Hate & Disinformation Research Pipeline
Center for Countering Digital Hate
Automated content ingestion, NLP classification, and evidence archival replacing manual monitoring workflows
The Opportunity
CCDH produces some of the most influential research on online hate and disinformation — their "Disinformation Dozen" report identified twelve people responsible for 65% of anti-vaccine misinformation on social media, driving platform policy changes worldwide. Their STAR Framework (Sunlight, Trust & safety, Accountability, Reform) structures advocacy that has shaped the EU Digital Services Act and UK Online Safety Bill. Backed by Open Society, Skoll, and Oak foundations with $2.3M in FY2023 revenue, they have the credibility and reach to turn research into real accountability. But their monitoring and analysis workflows are entirely manual — and their primary data source, CrowdTangle, was shut down by Meta in August 2024.
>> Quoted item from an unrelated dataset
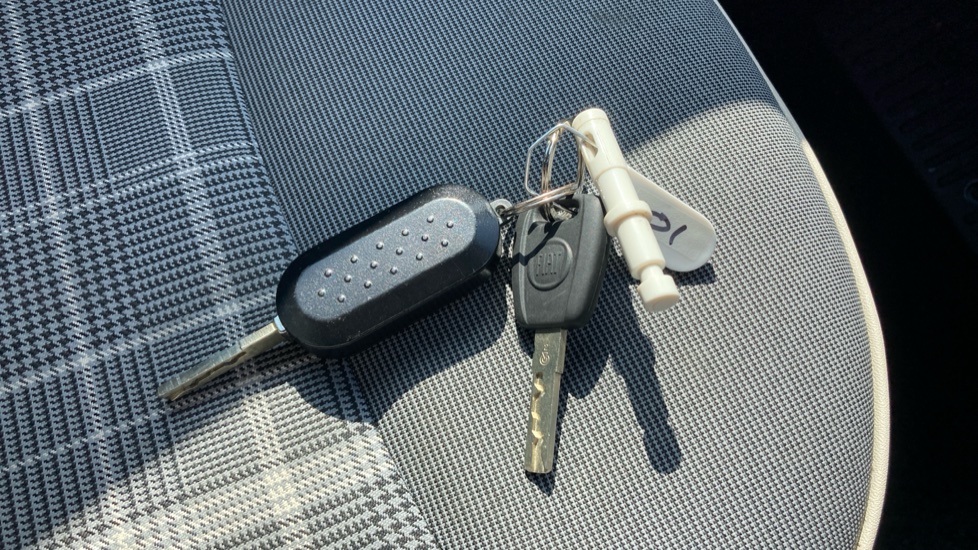 Fiat 500 1.2 Lounge 3dr Dualogic Petrol Hatchback - Image 20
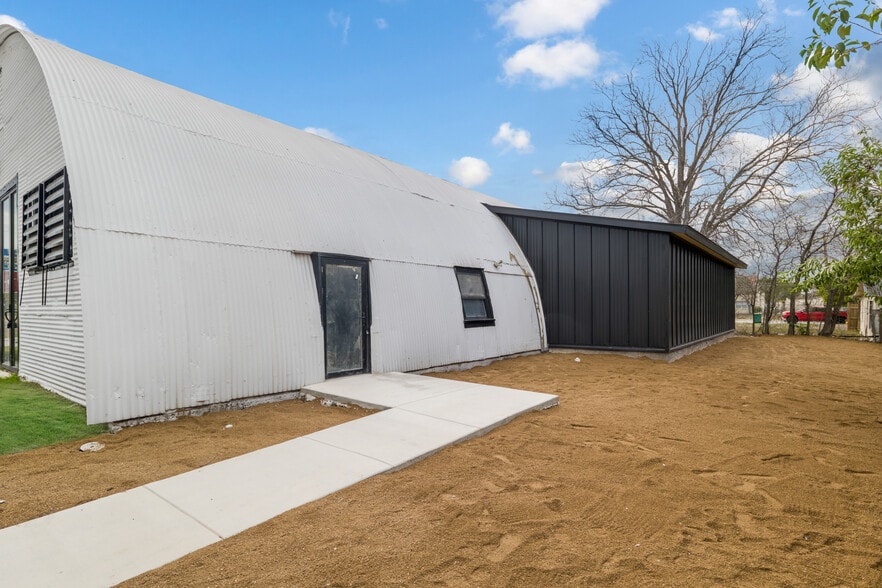 More Photos Of 322 Lucas St, San Antonio Auto Repair For Sale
Center for Countering Digital Hate
Fit Matrix
The Problem Today
A typical CCDH report — like the "Disinformation Dozen" — requires researchers to manually monitor accounts across Facebook, Instagram, X/Twitter, YouTube, and TikTok. They screenshot content before it gets deleted, hand-code each post against a custom taxonomy (type of claim, target group, engagement metrics), tabulate results in Google Sheets, and produce a polished report weeks later. For their YouTube eating disorder research, they created teen-profile test accounts and manually documented what the algorithm served them. For the "Failure to Act" series, they flagged violating content and manually checked back to see if platforms removed it.
Every step is manual, and it just got worse: CrowdTangle — Meta's research tool that was CCDH's primary pipeline for Facebook and Instagram data — was shut down in August 2024. Its replacement, Meta Content Library, has far more restrictions and requires technical integration skills CCDH doesn't have. Meanwhile, the X/Twitter API has been priced out of reach under new ownership. Their two biggest data sources are effectively gone.
Before
- ×CrowdTangle (now dead) + manual platform browsing as primary data collection
- ×Every post hand-coded in Google Sheets against custom taxonomies — 800+ posts per report
- ×Manual screenshotting for evidence preservation before content deletion
After
- ✓Multi-platform ingestion pipeline pulling from YouTube API, Reddit, Bluesky, RSS, and Meta Content Library
- ✓NLP classifier trained on CCDH's existing coded datasets for automated first-pass categorization
- ✓Automated evidence archival with timestamps, metadata, and engagement snapshots
What We'd Build
Multi-Platform Data Ingestion Pipeline
The foundation that replaces CrowdTangle. An automated collection system that pulls from every available data source — YouTube Data API for video metadata and comments, Reddit API, Bluesky firehose, RSS feeds from known disinformation outlets, and Meta Content Library where accessible. Each platform adapter normalizes content into a unified schema: text, author, timestamp, engagement metrics, platform, and media attachments. The pipeline runs continuously, not just during business hours, so overnight campaign spikes don't get missed. Data flows into a structured database that replaces the current spreadsheet-per-report approach, making every piece of collected content queryable across all CCDH research projects.
NLP Content Classifier
CCDH's hand-coded datasets are training data gold. Years of researchers manually categorizing posts by hate speech type, disinformation narrative, target group, and claim category means they have labeled datasets ready for supervised learning. A fine-tuned classifier (BERT-family or similar) trained on their existing taxonomies would do automated first-pass categorization — flagging probable hate speech by type, identifying known disinformation narratives, and routing edge cases to human reviewers. This turns weeks of manual coding into hours of human review on the 10-20% the model is uncertain about. The classifier improves over time as researchers correct its outputs, creating a flywheel that makes each subsequent report faster.
Evidence Archival & Enforcement Tracker
Two critical capabilities in one system. First: when content is flagged, automatically archive the full post — screenshot, text, metadata, engagement metrics, author profile, and timestamp — before it can be deleted. This creates a legally defensible evidence chain that CCDH needs for policy testimony and potential legal proceedings. Second: after CCDH reports violating content to platforms, the system automatically checks back at configurable intervals (1 hour, 24 hours, 7 days, 30 days) to document whether the content was removed, labeled, or left up. This automates the "Failure to Act" methodology that currently requires researchers to manually revisit hundreds of flagged posts.
Emerging Narrative Detection
A clustering and trend detection layer sitting on top of the ingestion pipeline. When a new hashtag, talking point, or coordinated narrative crosses a volume threshold, the system alerts the research team. Pattern detection identifies cross-platform coordination — the same narrative appearing on Telegram, then X, then YouTube within hours suggests a coordinated campaign rather than organic spread. This gives CCDH the ability to catch campaigns early and publish research while narratives are still emerging, compressing their report timeline from weeks to days.